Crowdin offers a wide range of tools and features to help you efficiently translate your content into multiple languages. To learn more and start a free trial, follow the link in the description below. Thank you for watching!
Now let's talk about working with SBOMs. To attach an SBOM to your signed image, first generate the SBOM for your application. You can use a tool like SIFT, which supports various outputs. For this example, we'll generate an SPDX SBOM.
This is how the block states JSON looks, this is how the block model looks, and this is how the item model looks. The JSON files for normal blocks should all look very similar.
==
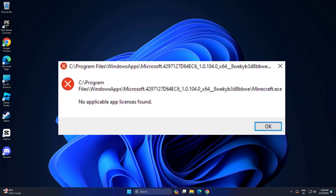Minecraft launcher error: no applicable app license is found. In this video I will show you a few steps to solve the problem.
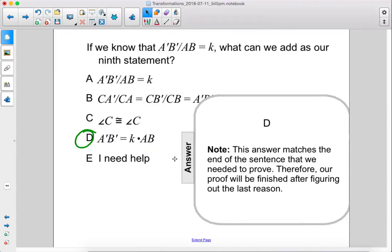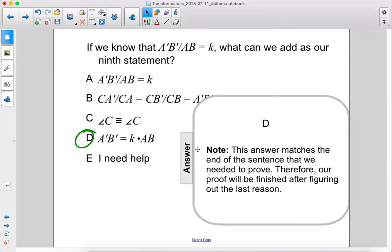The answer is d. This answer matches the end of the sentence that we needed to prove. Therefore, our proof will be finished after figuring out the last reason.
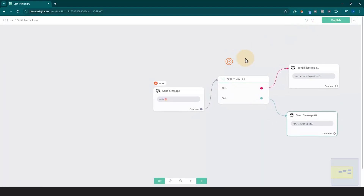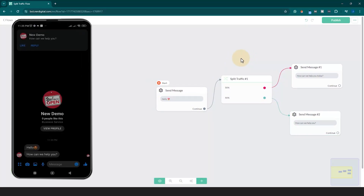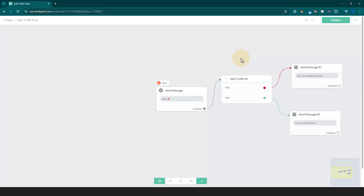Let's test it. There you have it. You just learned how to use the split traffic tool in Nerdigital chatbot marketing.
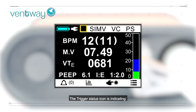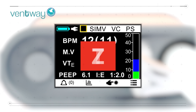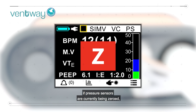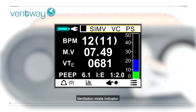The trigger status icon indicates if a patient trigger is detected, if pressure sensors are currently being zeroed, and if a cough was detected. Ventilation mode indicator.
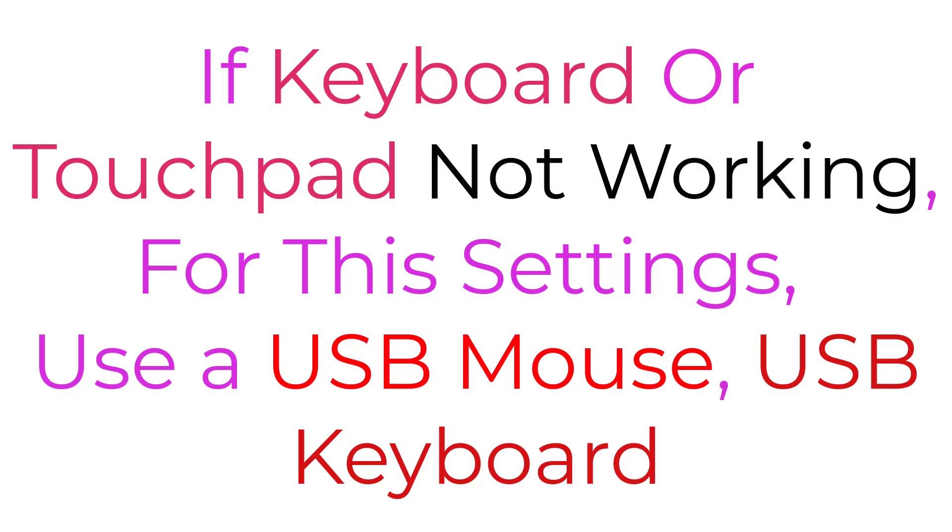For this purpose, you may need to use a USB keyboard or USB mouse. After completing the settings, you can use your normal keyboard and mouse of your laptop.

## YOUR GOAL
Set down again, word for word, every line from the one with "Let's test it." to the one with "For this purpose, you" in the entries above, and omit the pictures.

## RESPONSE AREA
Let's test it. There you have it. You just learned how to use the split traffic tool in Nerdigital chatbot marketing.
The trigger status icon indicates if a patient trigger is detected, if pressure sensors are currently being zeroed, and if a cough was detected. Ventilation mode indicator.
For this purpose, you may need to use a USB keyboard or USB mouse. After completing the settings, you can use your normal keyboard and mouse of your laptop.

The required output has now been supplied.